_WHAT THE EXERCISE ASKS_
The required output is the lines below from the line containing "178 Mayne St" to the line containing "Slide: The Image", inclusive, retyped exactly. No other lines belong in it.

DATASET ENTRIES Block Start

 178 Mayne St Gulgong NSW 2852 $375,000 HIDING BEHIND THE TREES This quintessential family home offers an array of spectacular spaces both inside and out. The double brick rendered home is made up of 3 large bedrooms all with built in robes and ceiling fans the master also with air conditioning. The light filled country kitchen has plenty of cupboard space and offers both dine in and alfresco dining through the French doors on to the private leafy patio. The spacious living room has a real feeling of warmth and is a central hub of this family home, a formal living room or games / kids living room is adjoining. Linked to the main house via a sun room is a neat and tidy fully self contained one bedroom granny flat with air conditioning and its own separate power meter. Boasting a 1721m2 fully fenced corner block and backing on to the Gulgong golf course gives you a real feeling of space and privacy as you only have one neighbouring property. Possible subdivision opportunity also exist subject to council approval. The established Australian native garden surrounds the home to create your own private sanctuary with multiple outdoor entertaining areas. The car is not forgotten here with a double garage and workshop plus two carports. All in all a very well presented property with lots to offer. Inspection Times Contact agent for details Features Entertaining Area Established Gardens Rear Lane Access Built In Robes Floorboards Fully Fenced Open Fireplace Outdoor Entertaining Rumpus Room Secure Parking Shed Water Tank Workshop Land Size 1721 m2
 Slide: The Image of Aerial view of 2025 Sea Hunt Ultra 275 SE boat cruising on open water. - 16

DATASET ENTRIES Block End
DATASET ENTRIES Block Start

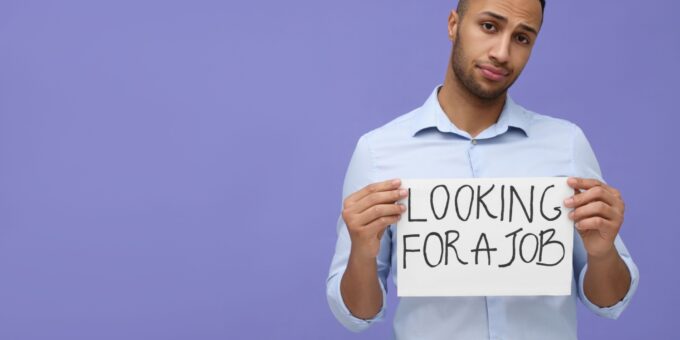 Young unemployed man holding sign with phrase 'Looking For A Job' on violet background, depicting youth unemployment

DATASET ENTRIES Block End

_OUTPUT BELOW_
 178 Mayne St Gulgong NSW 2852 $375,000 HIDING BEHIND THE TREES This quintessential family home offers an array of spectacular spaces both inside and out. The double brick rendered home is made up of 3 large bedrooms all with built in robes and ceiling fans the master also with air conditioning. The light filled country kitchen has plenty of cupboard space and offers both dine in and alfresco dining through the French doors on to the private leafy patio. The spacious living room has a real feeling of warmth and is a central hub of this family home, a formal living room or games / kids living room is adjoining. Linked to the main house via a sun room is a neat and tidy fully self contained one bedroom granny flat with air conditioning and its own separate power meter. Boasting a 1721m2 fully fenced corner block and backing on to the Gulgong golf course gives you a real feeling of space and privacy as you only have one neighbouring property. Possible subdivision opportunity also exist subject to council approval. The established Australian native garden surrounds the home to create your own private sanctuary with multiple outdoor entertaining areas. The car is not forgotten here with a double garage and workshop plus two carports. All in all a very well presented property with lots to offer. Inspection Times Contact agent for details Features Entertaining Area Established Gardens Rear Lane Access Built In Robes Floorboards Fully Fenced Open Fireplace Outdoor Entertaining Rumpus Room Secure Parking Shed Water Tank Workshop Land Size 1721 m2
 Slide: The Image of Aerial view of 2025 Sea Hunt Ultra 275 SE boat cruising on open water. - 16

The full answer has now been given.